»»
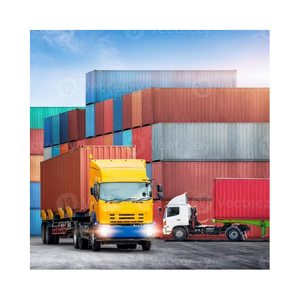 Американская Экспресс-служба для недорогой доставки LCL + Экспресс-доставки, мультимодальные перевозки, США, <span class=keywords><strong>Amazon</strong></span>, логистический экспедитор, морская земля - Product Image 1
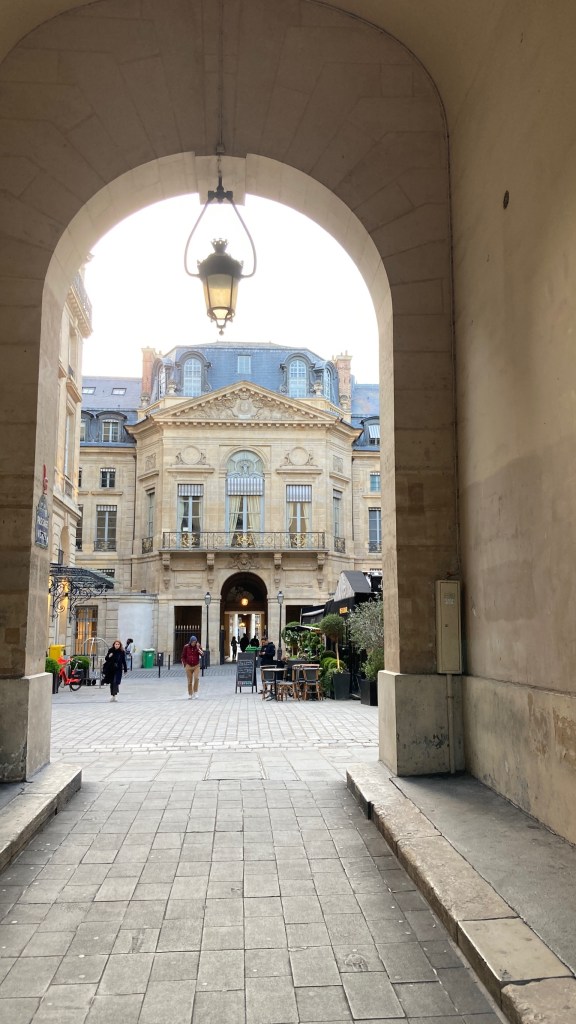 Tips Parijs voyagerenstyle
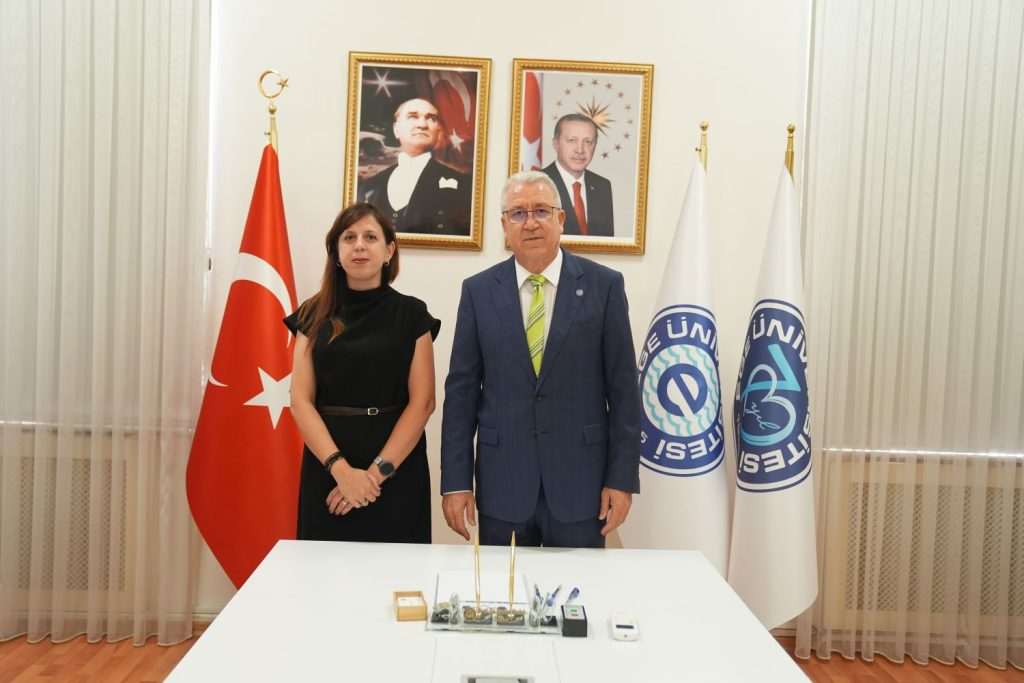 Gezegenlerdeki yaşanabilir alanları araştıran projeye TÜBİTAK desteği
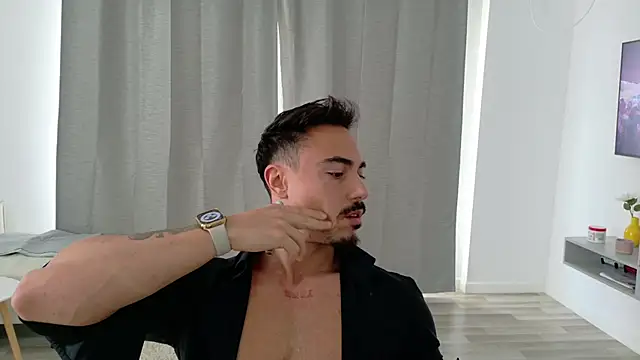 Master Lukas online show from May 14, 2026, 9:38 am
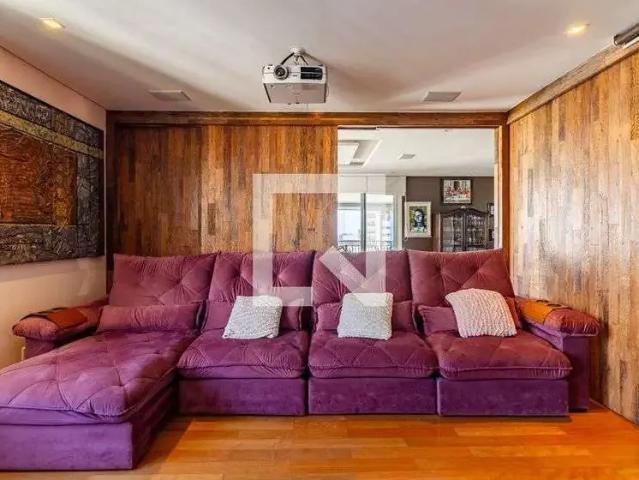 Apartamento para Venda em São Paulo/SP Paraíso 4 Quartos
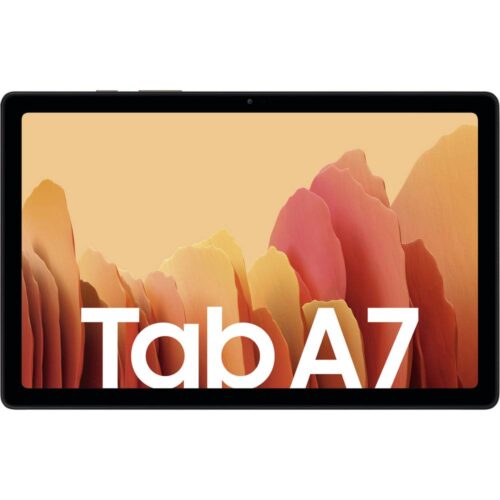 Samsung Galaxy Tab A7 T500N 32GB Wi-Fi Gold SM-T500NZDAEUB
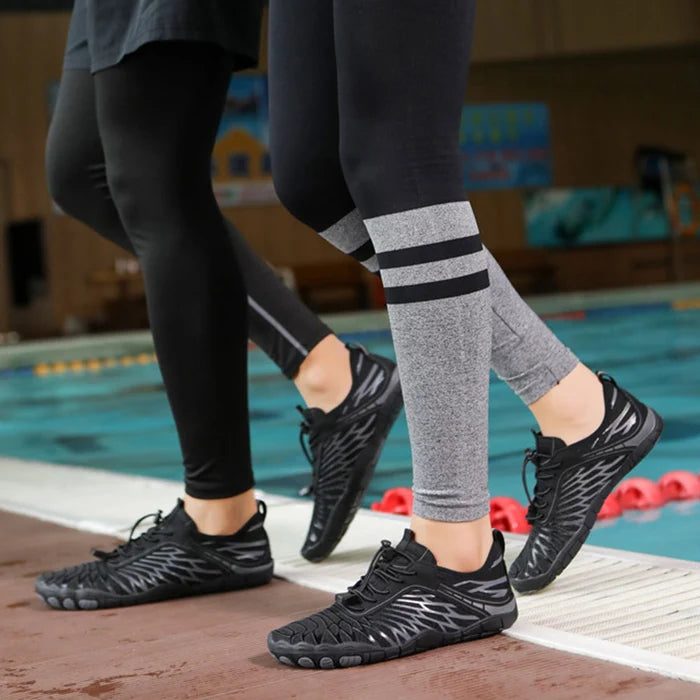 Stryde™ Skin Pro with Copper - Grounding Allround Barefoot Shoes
««
■ **Assigned task**:
From the first line to the last, repeat the entries exactly and leave out the pictures.

■ **Expected answer**:
 Американская Экспресс-служба для недорогой доставки LCL + Экспресс-доставки, мультимодальные перевозки, США, <span class=keywords><strong>Amazon</strong></span>, логистический экспедитор, морская земля - Product Image 1
 Tips Parijs voyagerenstyle
 Gezegenlerdeki yaşanabilir alanları araştıran projeye TÜBİTAK desteği
 Master Lukas online show from May 14, 2026, 9:38 am
 Apartamento para Venda em São Paulo/SP Paraíso 4 Quartos
 Samsung Galaxy Tab A7 T500N 32GB Wi-Fi Gold SM-T500NZDAEUB
 Stryde™ Skin Pro with Copper - Grounding Allround Barefoot Shoes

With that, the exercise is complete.